10. Debugging¶
10.1. Exercises: debugging¶
Exercise 10.1
The purpose of the following code is to count how often each TF in the network is a target of a TF in the network (it also counts if a TF regulates itself). In other words, how many TFs in the network bind in the promoter of a given TF.
The below code is provided in the script
exercise4_with_errors.py
.Use the terminal and command line to copy the file to a new file named
my_exercise4.py
.Edit the new file by clicking on it in the Jupyter browser.
Every time you change the file, save it.
Execute the Python script from the command line with
python my_exercise4.py
.
Questions
What is the purpose of this code? (This should be obvious from the short description given above and the code itself)
What is the input and what is the expected output? Answer this question before running or changing the code, but make use of the network as defined in the dictionary
hsc_network
.Identify the source of the runtime errors, and fix the mistake into the code so that the script runs without error. In that case, the last line of the output should be “Finished analysis of HSC network”.

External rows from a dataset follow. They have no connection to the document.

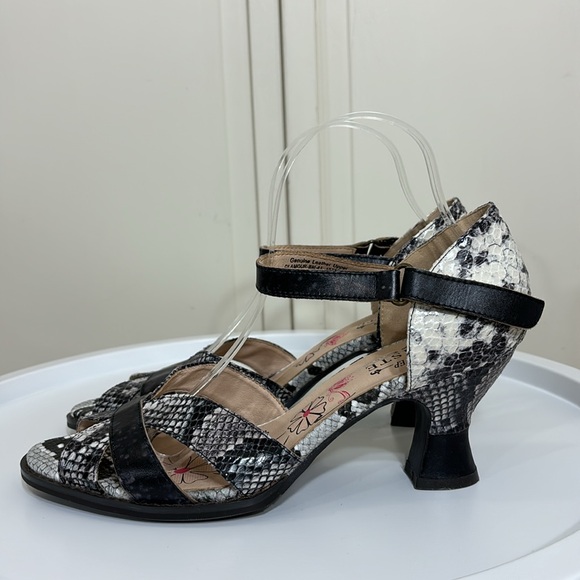*Rock bottom price!* L'Artiste Spring Step Snake Print Sandal Size 9.5-10 EU 41 - Picture 1 of 11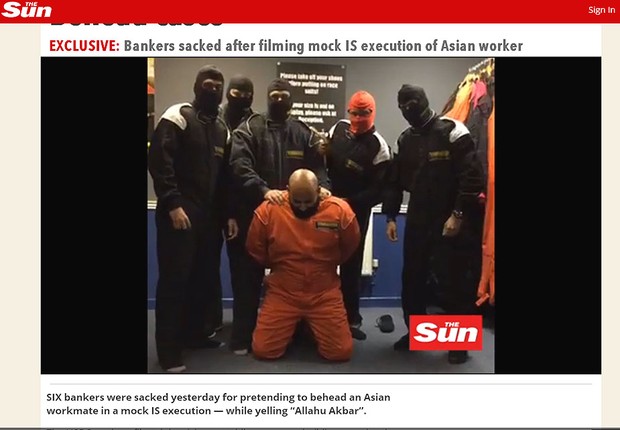 Funcionários do HSBC encenam uma das execuções do grupo radical Estado Islâmico (Foto: Reprodução/The Sun)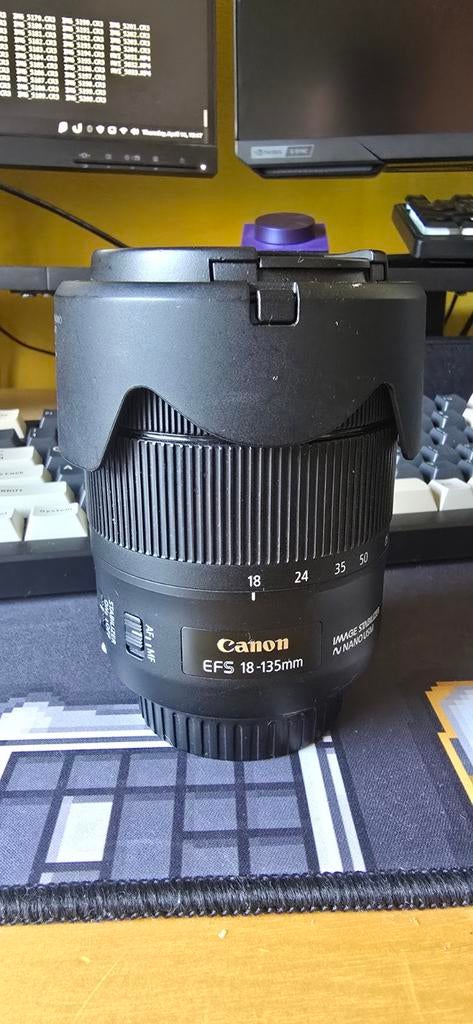 Canon EF-S 18-135mm zoomlens met lenskapje en hood, Audio, Tv en Foto, Fotografie | Lenzen en Objectieven, Ophalen, Zo goed als nieuw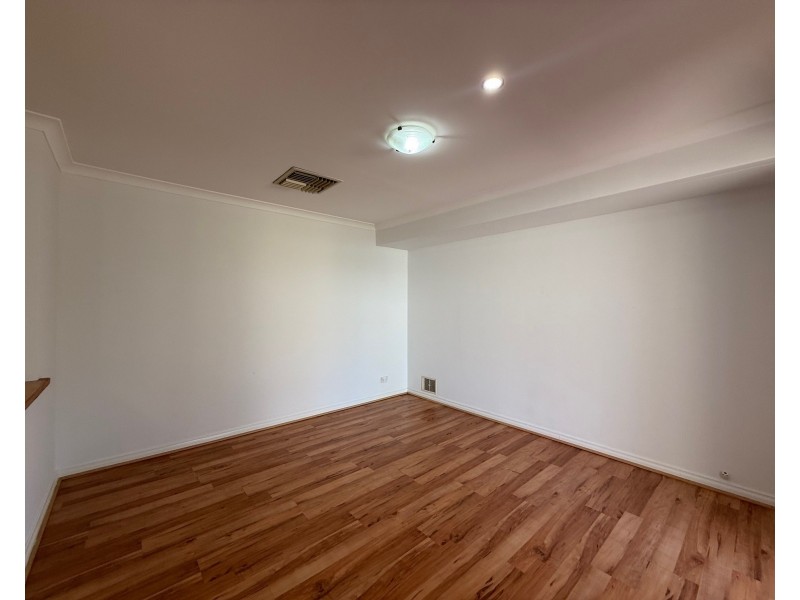 10 Moose Close, Beechboro WA 6063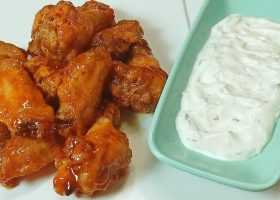 طريقة عمل تغميسة بافالو الدجاج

After you fixed the errors in the code, does the code produce the expected output?
What is the output (list each TF and its target frequency)?
How would you solve this counting problem more elegantly? Hint: e.g. by using a single dictionary to replace the list
list_of_tfs
and dictionarytf_to_index
.
Advice: make liberal use of print()
statements to understand
What each line in the code is trying to achieve
How to make the code function correctly, and make sure that it indeed functions correctly.
Hint
There are multiple bugs in the code below. Some are obvious mistakes (a typo). However, some are mistakes that do not produce runtime errors that produce an incorrect result.

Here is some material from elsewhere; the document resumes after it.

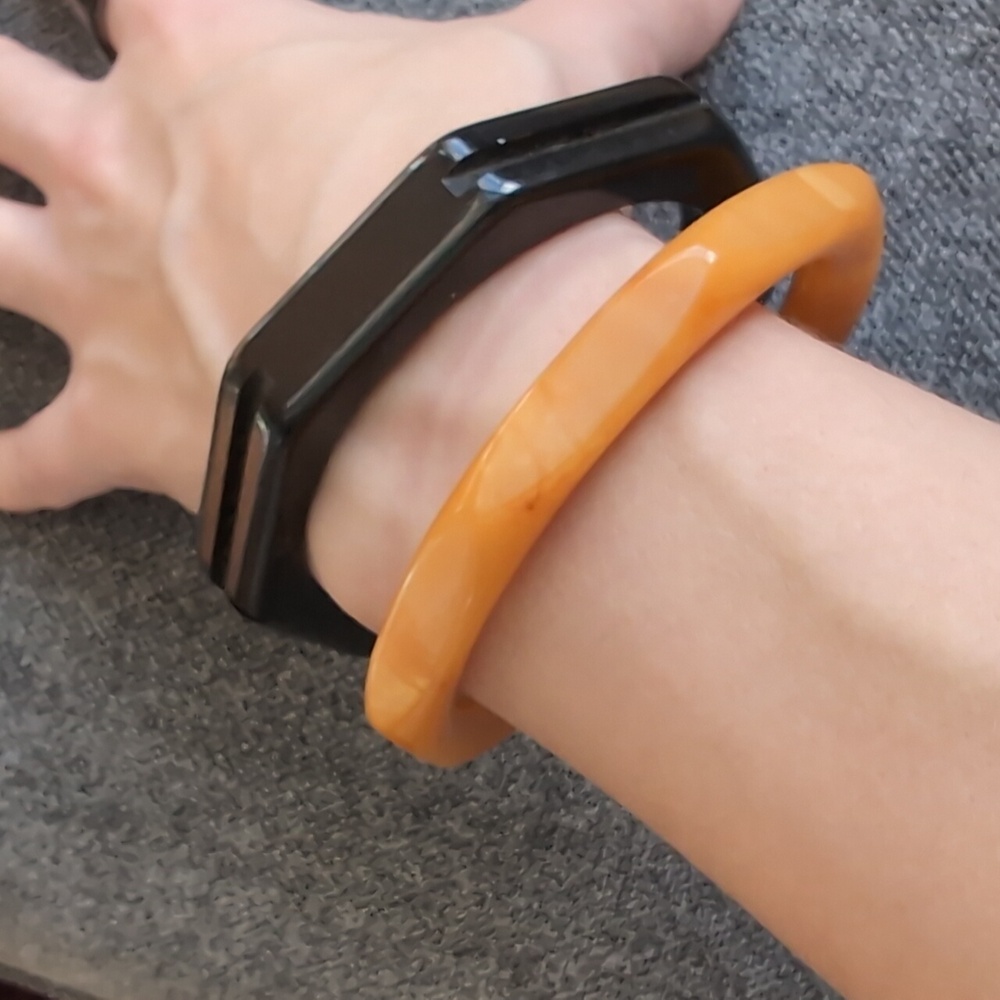 Pair Bakelite Bangle Bracelets Octagonal (Tested,… - image 2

# define HSC network from Bonzanni et al, Bioinformatics 2013
hsc_network = { # each key is a source TF, the value for each key is a list of target TFs
"Scl" : ["Scl","Gata1","Gata2","Hhex","Zfpm1","Fli1","Erg","Smad6","Runx1","Eto2"],
"Pu.1" : ["Pu.1","Runx1","Gata1"],
"Runx1" : ["Runx1","Pu.1","Erg"],
"Smad6" : ["Runx1"],
"Eto2" : ["Erg"],
"Gata1" : ["Gata1","Scl","Pu.1","Gata2"],
"Fli1" : ["Fli1","Runx1","Pu.1","Scl","Gata2","Hhex","Erg","Smad6"],
"Erg" : ["Smad6","Runx1","Erg","Hhex","Gata2","Fli1"],
"Zfpm1" : ["Gata2"],
"Gata2" : ["Zfpm1","Runx1","Smad6","Eto2","Scl","Gata2","Hhex","Fli1","Erg"],
"Hhex" : ["Gata2"]
}
target_frequencies = [0,0,0,0,0,0,0,0] # How often is each TF a target of another TF?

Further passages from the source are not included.